Dialectique son/image
La dimension sonore comme support premier
Tout d'abord l'intention artistique, au niveau formel, de « 39-45 : où vas-tu gitan ? », est de donner à « entendre ».
La polysémie de ce terme (ouïr et comprendre) est bien sur essentielle : on part ici du principe que l' »image » (ce que le spectateur perçoit visuellement) est « seconde » en cela que son sens est d'abord rattaché à la dimension sonore.
Ainsi nous préférerons parler d' «audio-spectateur », plutôt que de spectateur.
La justification de ce choix est, tout d'abord, étroitement liée au sujet même de l'œuvre et à sa vérité historique. En effet nous désirons que « 39-45 : où vas-tu gitan ? » soit à la fois « l'écho » du passé, sur le plan historique, et en même temps souligner l'importance du média « radiophonique » au cours de cette période. De fait l'information, dans les années 30-40 ne vient pas de la télévision, mais de la radio.
D'autre part, la dimension sonore nous a paru un vecteur privilégié pour l'imaginaire et la réflexion.
Nous mettons donc en relation, dans « 39-45 : où vas-tu gitan ? », 3 sources sonores :
1 : les montages sonores.
2 : la parole orale portée par les comédiens.
3 : la musique vivante exécutée sur scène par les musiciens.
Ces 3 sources sont combinées avec les sources visuelles :
1 : l'espace scénique lui-même (décors, comédiens, action ...etc)
2 : la mise en scène.
3 : la vidéo
4 : la mise en lumière
Notre effort créatif consiste à créer une dialectique entre ces 2 dimensions et entre ces différentes sources, tout en maintenant le primat du son, et ce de différentes façons :
Chronologiquement : Le commencement de « 39-45 : où vas-tu gitan ? » est sonore et dans le noir/lumière, point de départ paradoxal où l'invisible est en quelque sorte « montré » indiquant ainsi à l'audio-spectateur le code de compréhension qui oscillera entre les deux principales dimensions, son et image.
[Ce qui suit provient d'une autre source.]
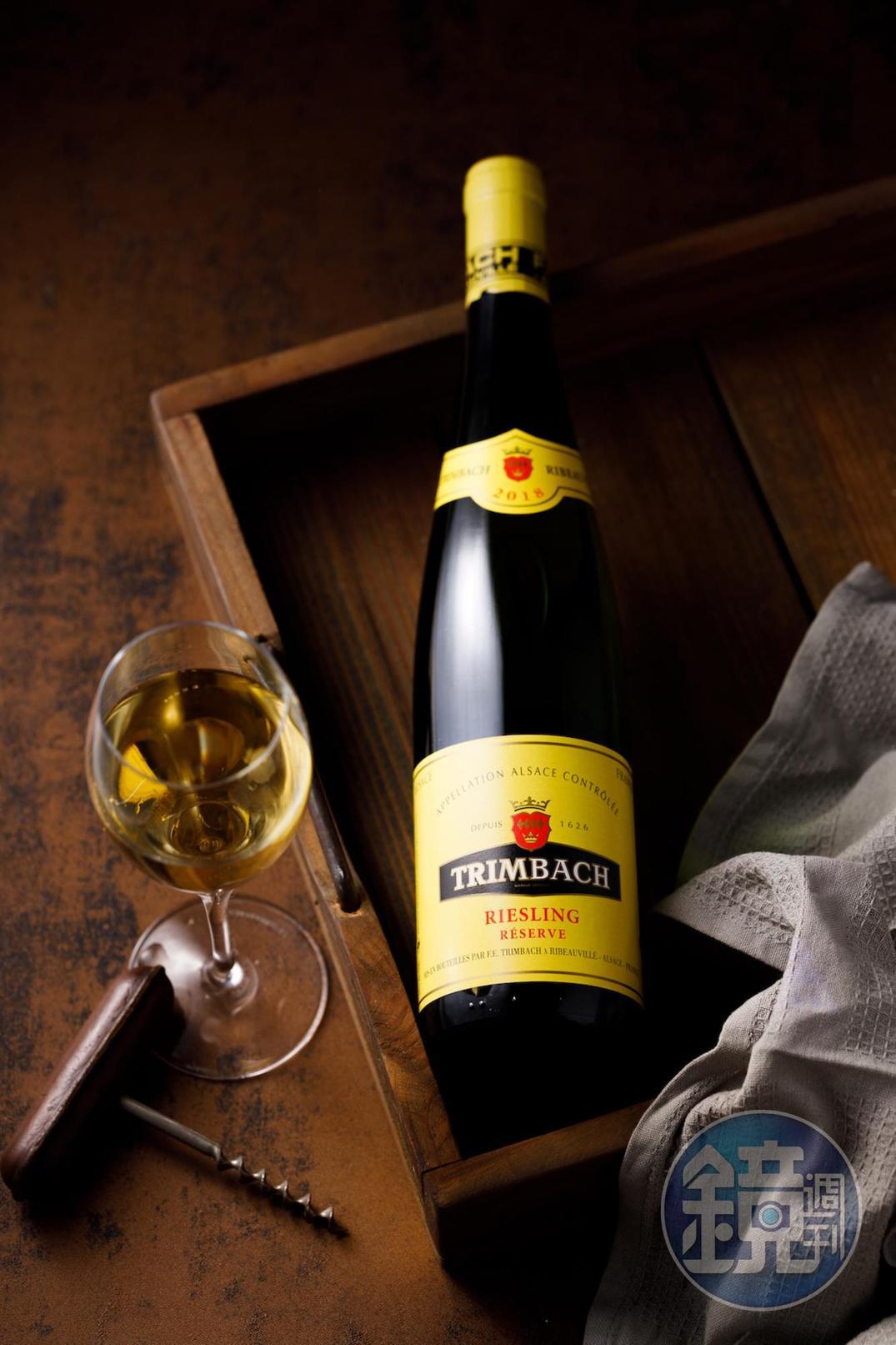 低單寧的「Trimbach Réserve Riesling白酒」伴隨著柑橘、杏桃的果香很適合與鮮味搭配。（外帶加購價2,160元／瓶，原價2,400元／瓶）
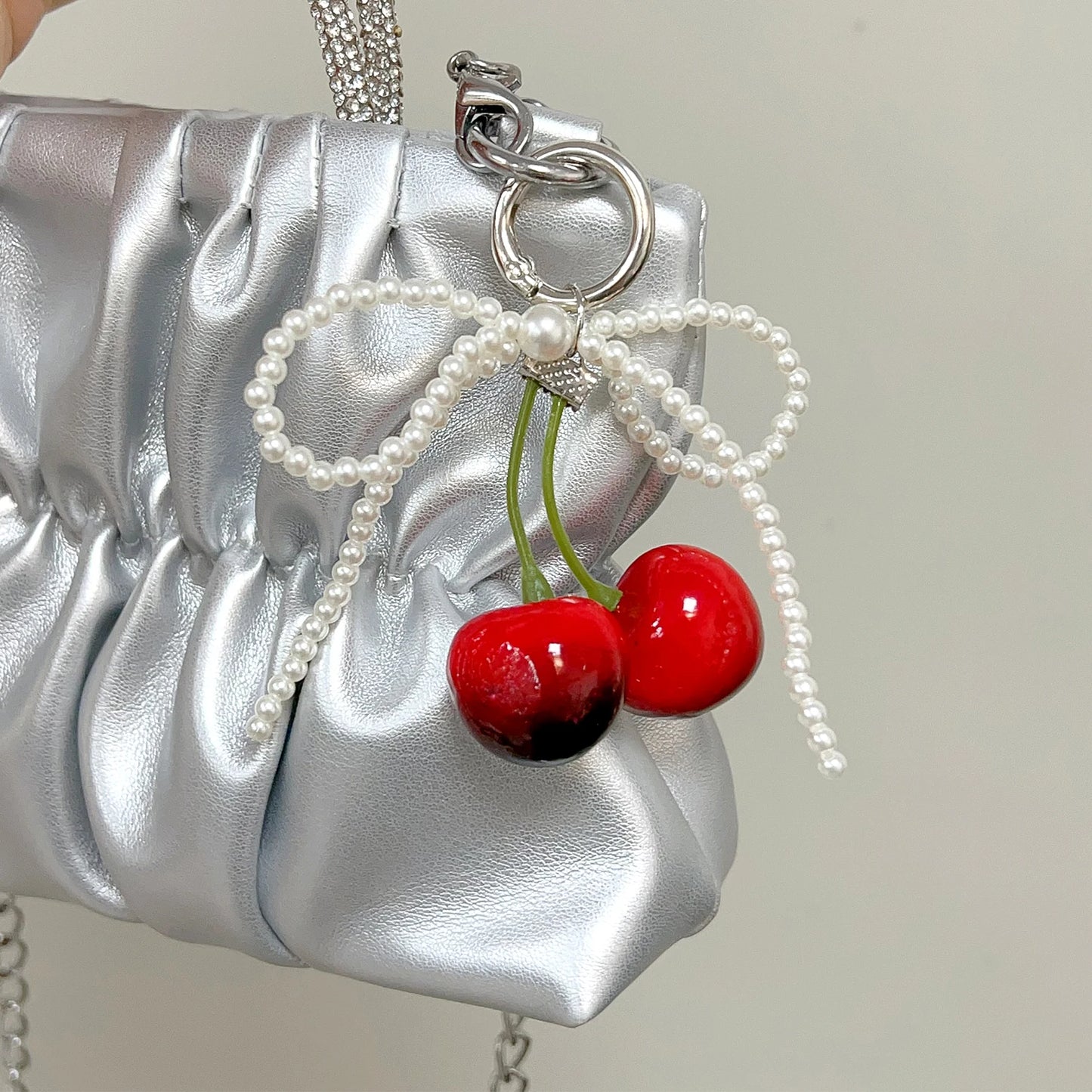 Fashion Pearl Bowknot Keychain Phone Lanyard Pendant Hanging Accessories Sweet Cherry Keyring Charm Jewelry For Girl Women Gift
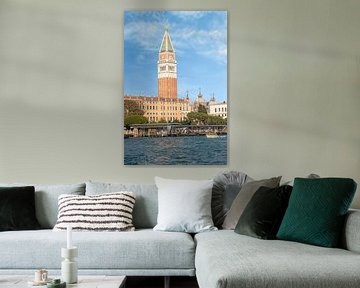 Venetië - Uitzicht over het water naar de Campanile (toren van San Marco)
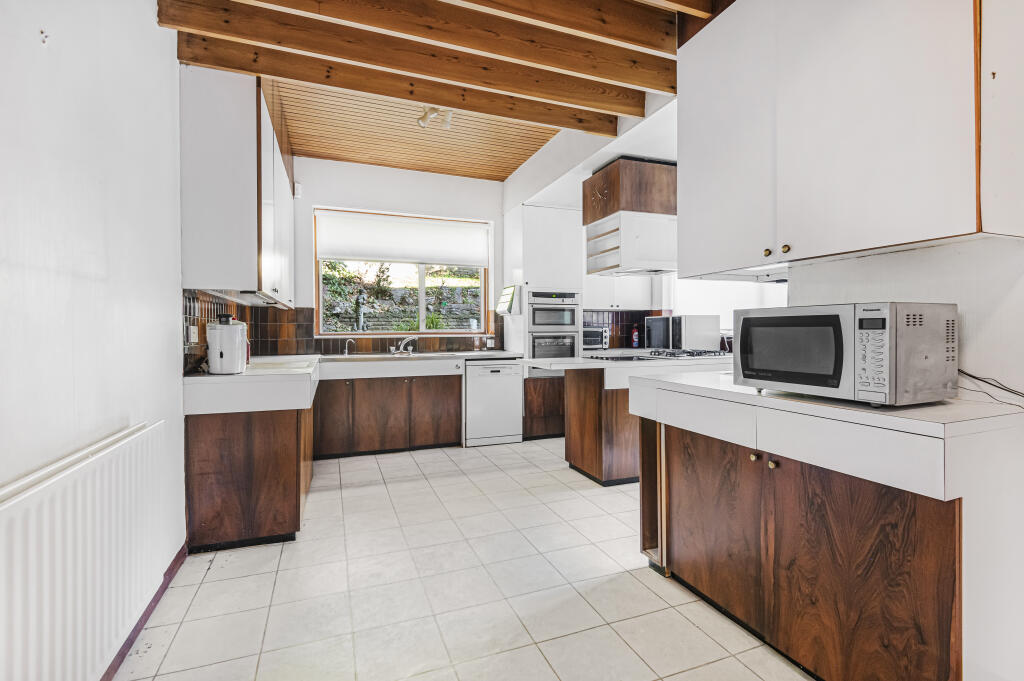 19 West Heath Gardens, Hampstead, London, NW3 7TR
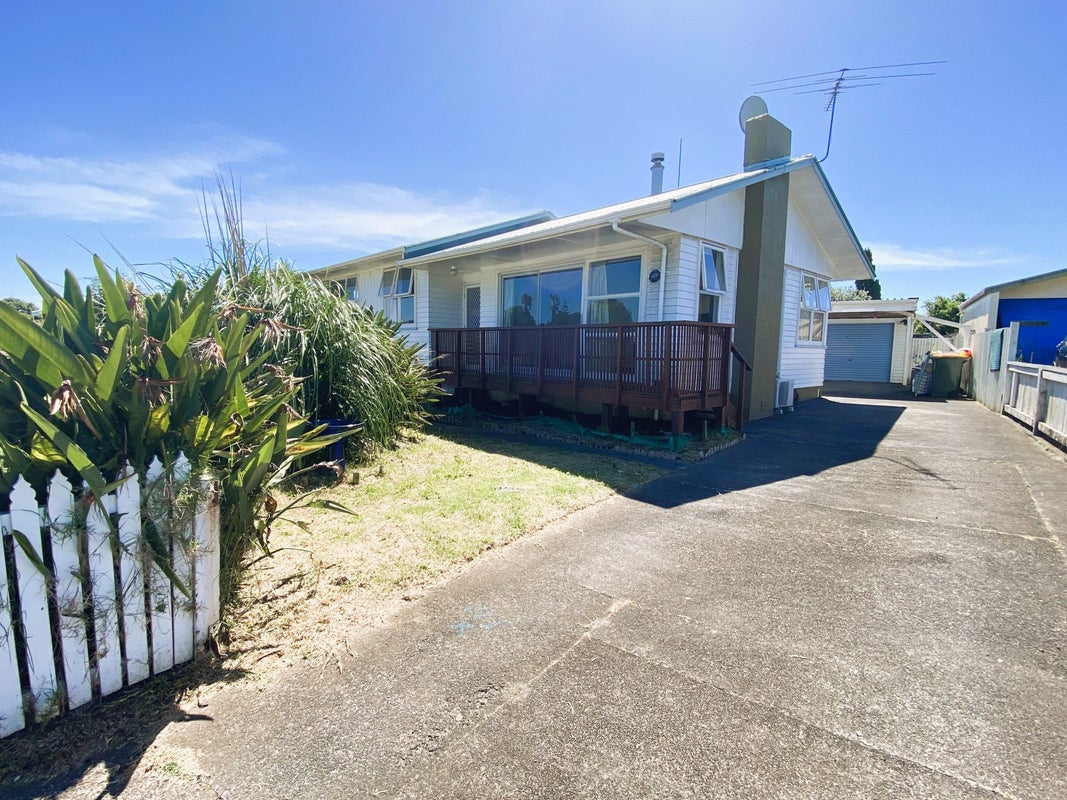 8 Hywell Place, Manurewa, Auckland - Carousel 2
Logiquement : le sens même et le déroulement des actions pourra être initié ou/et conclut par un moyen sonore.
Historiquement : les montages sonores auront le statut d'un « personnage » à part entière : celui de l'Histoire, entrant en relation permanente avec l'histoire (celle des personnages incarnés par les comédiens). Ainsi il s'agit ici d'un véritable « acousmetre » pour reprendre le concept de Michel Chion, c'est-à-dire un être qui est «partout », précisément parce qu'il n'est ni visible ni localisable.
Statut, fonction, diffusion et composition des montages sonores :
Ils représentent l'Histoire de l'Europe des années 36-45, celle qui se déroule hors du lieu central de l'action : la scène, en l'occurrence un bar-hôtel parisien. Ils constituent donc un véritable hors-champ sonore qui élargit le lieu de l'action, et le porte jusqu'à des frontières invisibles, mais pas inimaginables. Est ainsi indiqué implicitement un code de compréhension qui déborde le visible et l'englobe.
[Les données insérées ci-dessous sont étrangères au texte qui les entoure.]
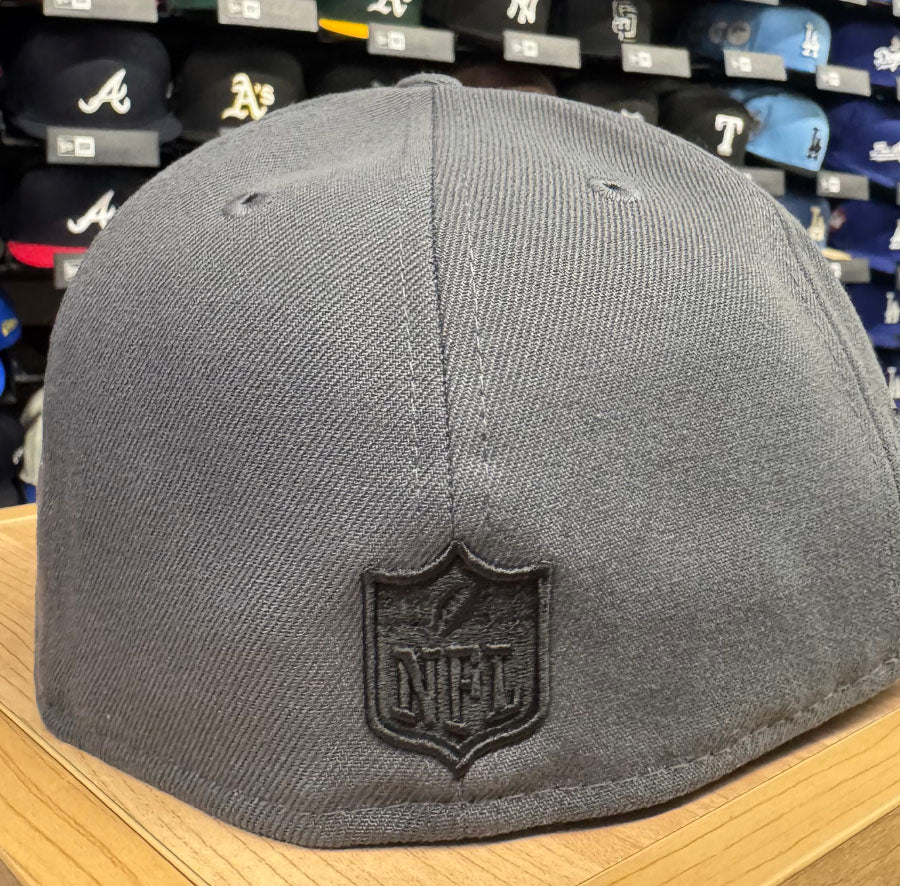 Raiders Fitted New Era 59Fifty Graphite Blackout Cap Hat Grey UV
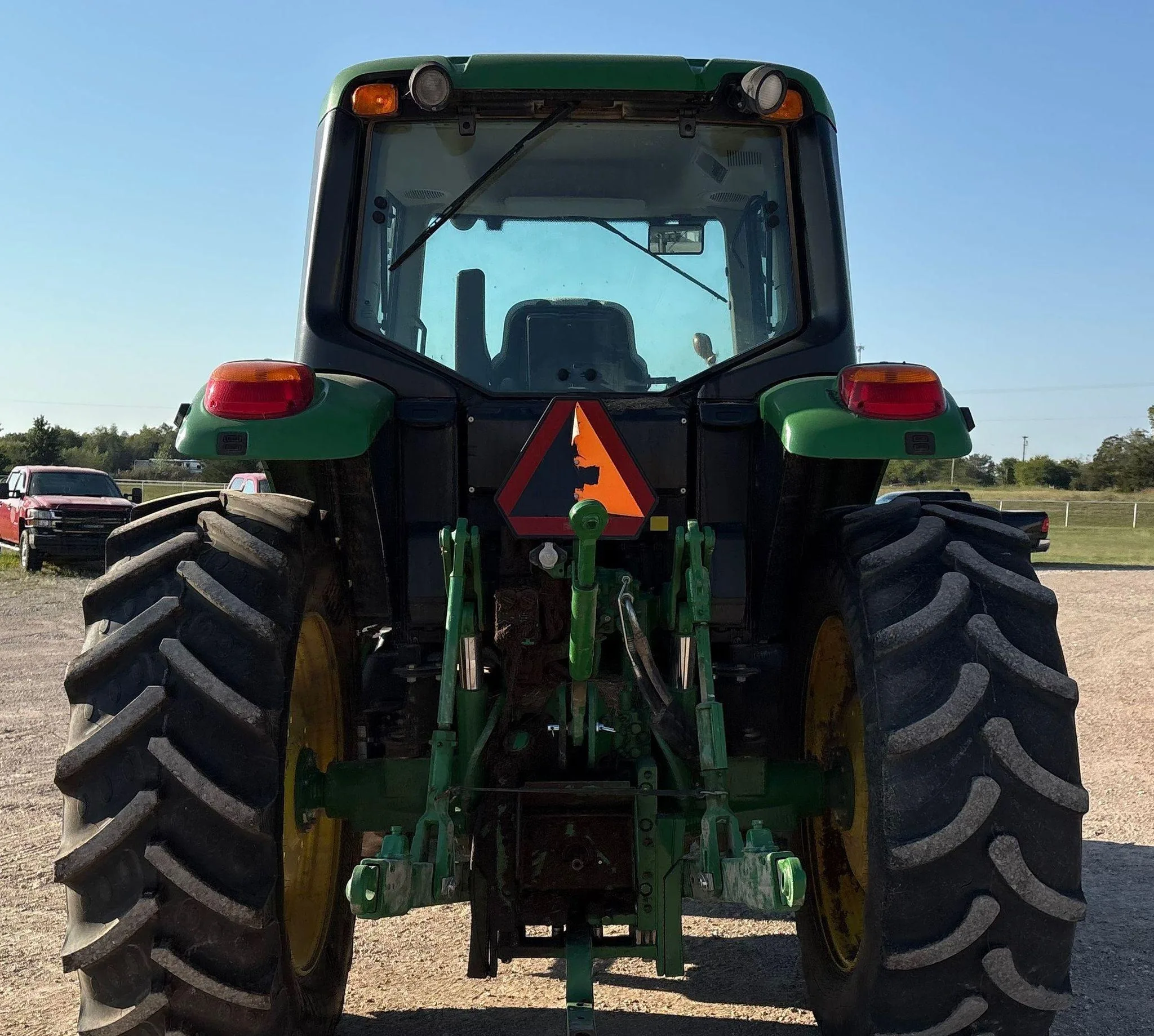 2016 John Deere 6120M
Véritables « échos » du passé (symboliquement et littéralement), ils sont partiellement composés d'archives radiophoniques d'époque. Ces bribes de passé ont un pouvoir similaire à celle de la fameuse « madeleine » de Proust : le son caractéristique des radios ainsi que les voix et manières de parler de cette époque nous présentent celle-ci comme « en chair et en os », et cela de façon nous semble-t-il plus significative que par de simples procédés théâtraux traditionnels : décors et costumes.
Les archives radiophoniques font ici également l'objet d'une « mise en son » de type électro acoustique. (V. infra)
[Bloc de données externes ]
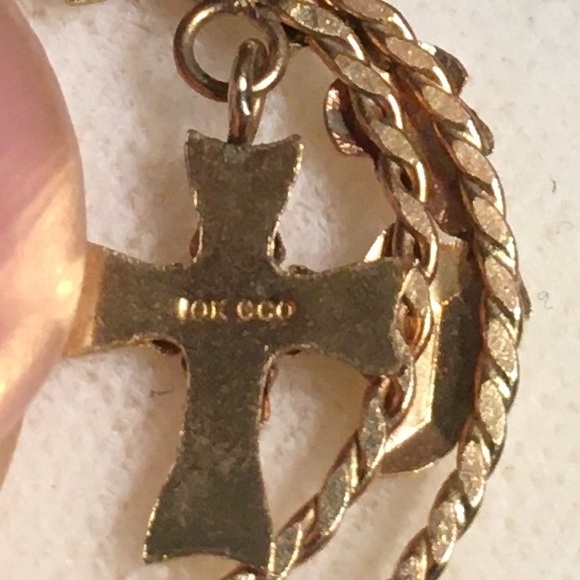 Black Hills Gold by Coleman Cross Gold Necklace - Picture 5 of 8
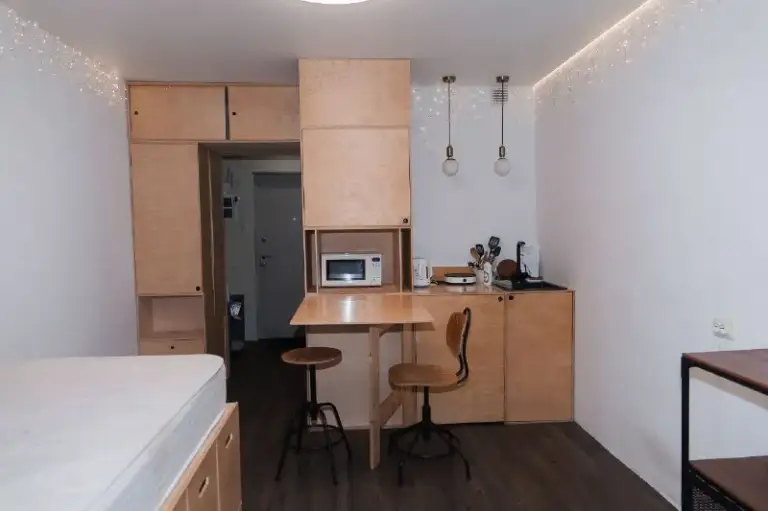 Сдам на длительный срок уютную студию в мурино от собственника. 20,5 м². Петровский бульвар 12 к2. Расположена на 14 этаже.

В квартире отличная планировка, которая экономит пространство. Во дворе бесплатная парковка, магазины в шаговой доступности.
Остановка общественного транспорта в 2-х минутах. До метро ⭕️девяткино - 15 минут.

В квартире для вашего удобства есть :
🔸Холодильник
🔸Свч
🔸Полный комплект посуды
🔸Обеденная зона
🔸Стиральная машина с сушкой
🔸Просторная лоджия
🔸Встроенные шкафы
🔸Чайник
🔸Индукционная плита
🔸Сушилка для белья

Аренда : 25.000 + ку (примерно 3 тыс. - летом, зимой -  4,5 тыс. ) + интернет.
Залог 100%, можно поделить на 2 месяца.
Можно с животными.

Контакты :
+79312723700 - Евгений.

Контакты:.

Уютное гнездышко – поиск жилья, жильцов и соседей без посредников - фотография - 1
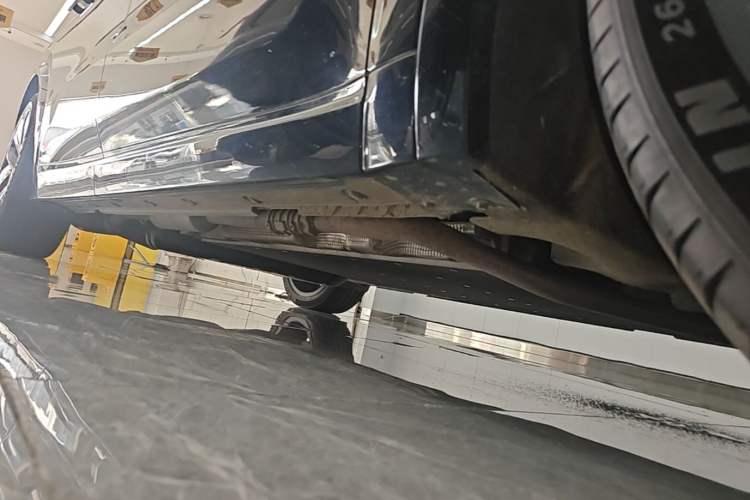 Used Li Auto L9 2022 Max model Right Side Sill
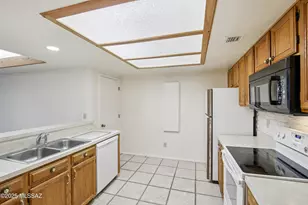 4285 N River Grove Cir, Tucson, AZ 85719 - Photo 17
Les fonctions de ces montages sonores sont multiples :
1 – une fonction narrative : les informations données à entendre ont un rôle essentiel dans la narration, et influent directement sur le cours de l'action, les réactions des personnages et le sens du drame.
2 – une fonction pédagogique : celle de rappeler les principaux événements historiques présentés au cours des bulletins d'informations de l'époque et celle d'exhumer les grands responsables politiques, à travers leur voix, les intégrant en quelque sorte comme « personnages » temporaires de « 39-45 : où vas-tu gitan ? » . Parmi ceux-ci Léon Blum, Maurice Thorez, Philippe Pétain, Pierre Laval.
3 – une fonction descriptive : certains montages sonores sont de véritables scènes auditives.
4 – une fonction critique : les juxtapositions permettent de constituer des commentaires implicites, tragiques ou comiques.
5 – une fonction poétique : certains montages sont des fonds sonores destinés à « habiller » un texte et lui donner une couleur émotionnelle particulière.
Ces fonctions exigent un procédé de diffusion sonore adapté :
La diffusion sonore (voir schéma d'implantation scénique)
- système de diffusion sonore n°1 :
Un système quadriphonique enserre le public et diffuse les montages sonores aux moments opportuns.
- système de diffusion sonore n°2 :
Un système stéréo diffuse les voix et les instruments présents sur scène. Ce systèmes de diffusion permet aussi le traitement des voix.
Composition des montages sonores :
Ces montages sont
1. composés d'extraits radiophoniques originaux issus de discours, de chansons, de publicités des années 40. Le tout est « mis en son » et scénarisé afin d'être intimement lié à la narration.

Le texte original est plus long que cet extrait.